> ACTION ITEM:
First find the line with "Nikita Mirzani liburan", then reproduce it and all following lines of the data to the end, exactly and with no pictures, adding nothing.

======== RECORD EXCERPTS

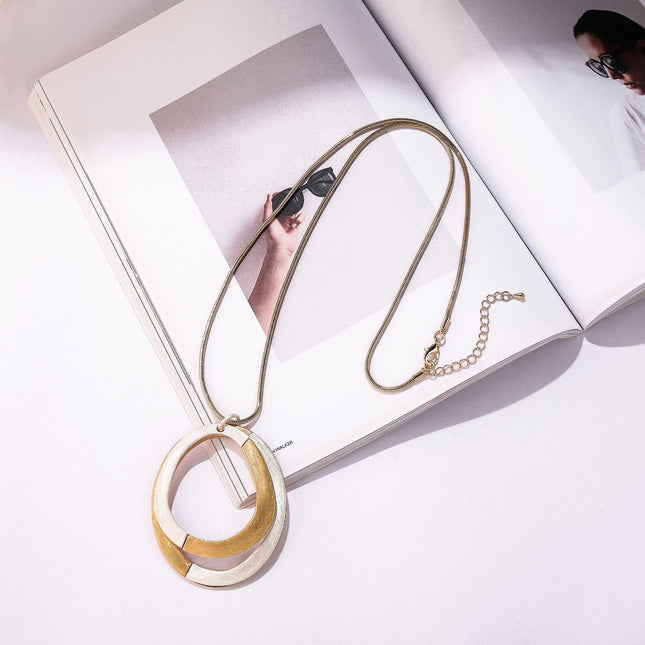 Ovale, geometrische, handgefertigte lange Halskette aus gebürstetem Metall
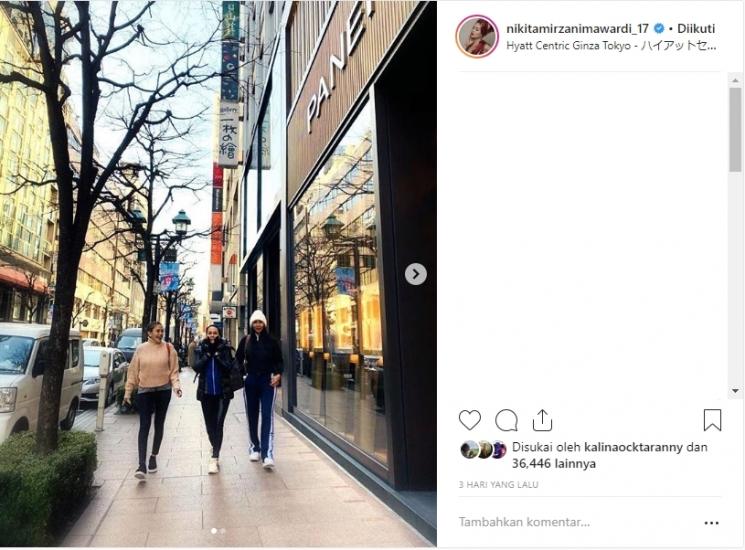 Nikita Mirzani liburan di Jepang. (Instagram/@nikitamirzanimawardi_17)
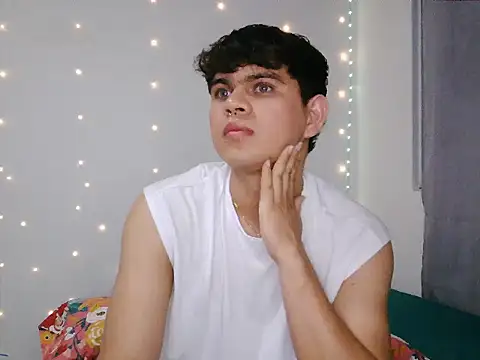 Snapshot of Swetty_diamon chatting on November 11, 4:34 am Swetty diamon online show from November 11, 4:34 am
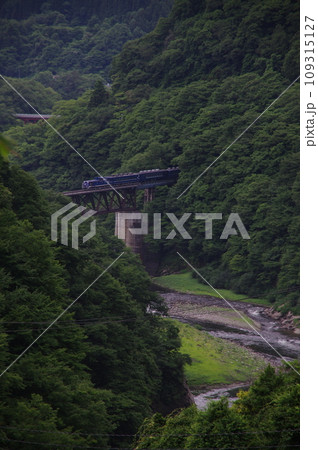 会津鉄道 大川第三橋梁俯瞰 DL大樹 会津若松試運転 会津鉄道 大川第三橋梁俯瞰 DL大樹 会津若松試運転 109315127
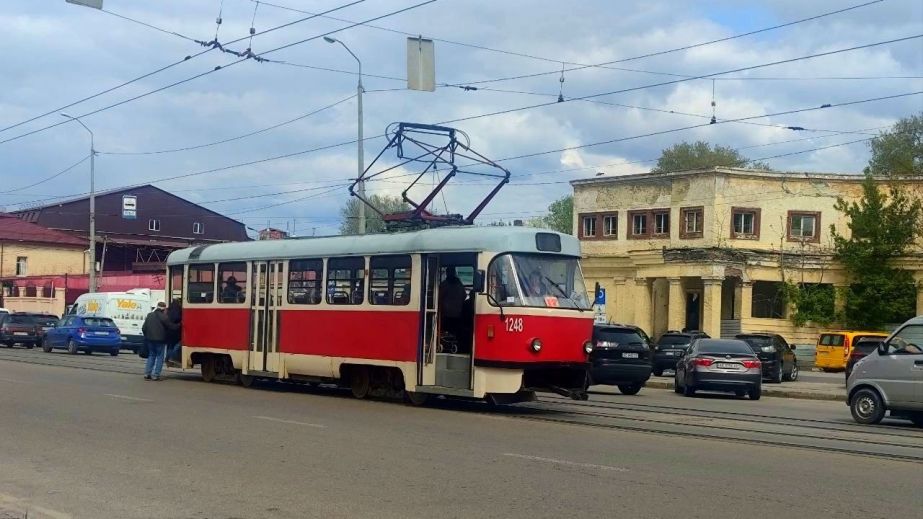 Как в Днепре курсирует общественный транспорт 16 мая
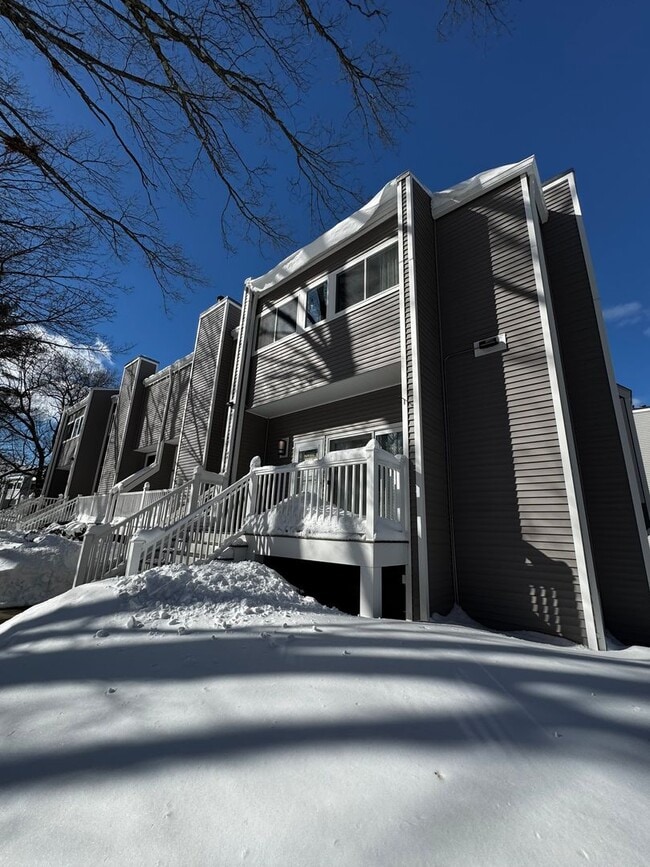 property at 255 North Rd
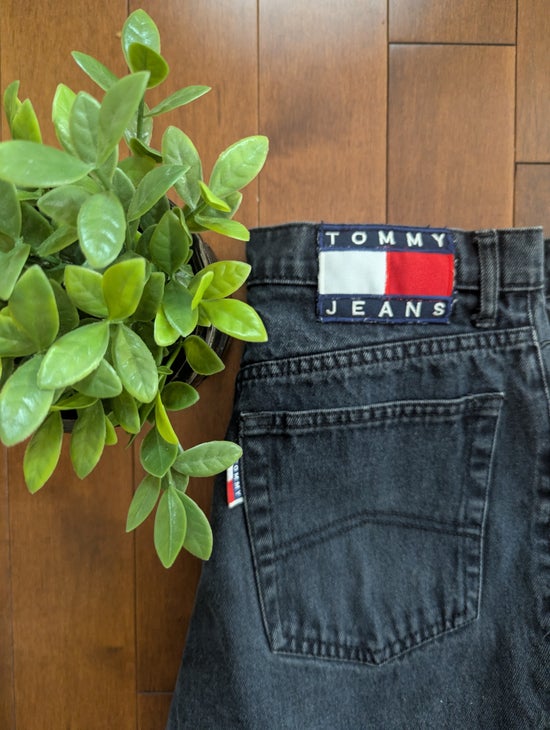 TOMMY HILFIGER VINTAGE 1990s BLACK WASH JEANS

================

> TASK OUTPUT:
 Nikita Mirzani liburan di Jepang. (Instagram/@nikitamirzanimawardi_17)
 Snapshot of Swetty_diamon chatting on November 11, 4:34 am Swetty diamon online show from November 11, 4:34 am
 会津鉄道 大川第三橋梁俯瞰 DL大樹 会津若松試運転 会津鉄道 大川第三橋梁俯瞰 DL大樹 会津若松試運転 109315127
 Как в Днепре курсирует общественный транспорт 16 мая
 property at 255 North Rd
 TOMMY HILFIGER VINTAGE 1990s BLACK WASH JEANS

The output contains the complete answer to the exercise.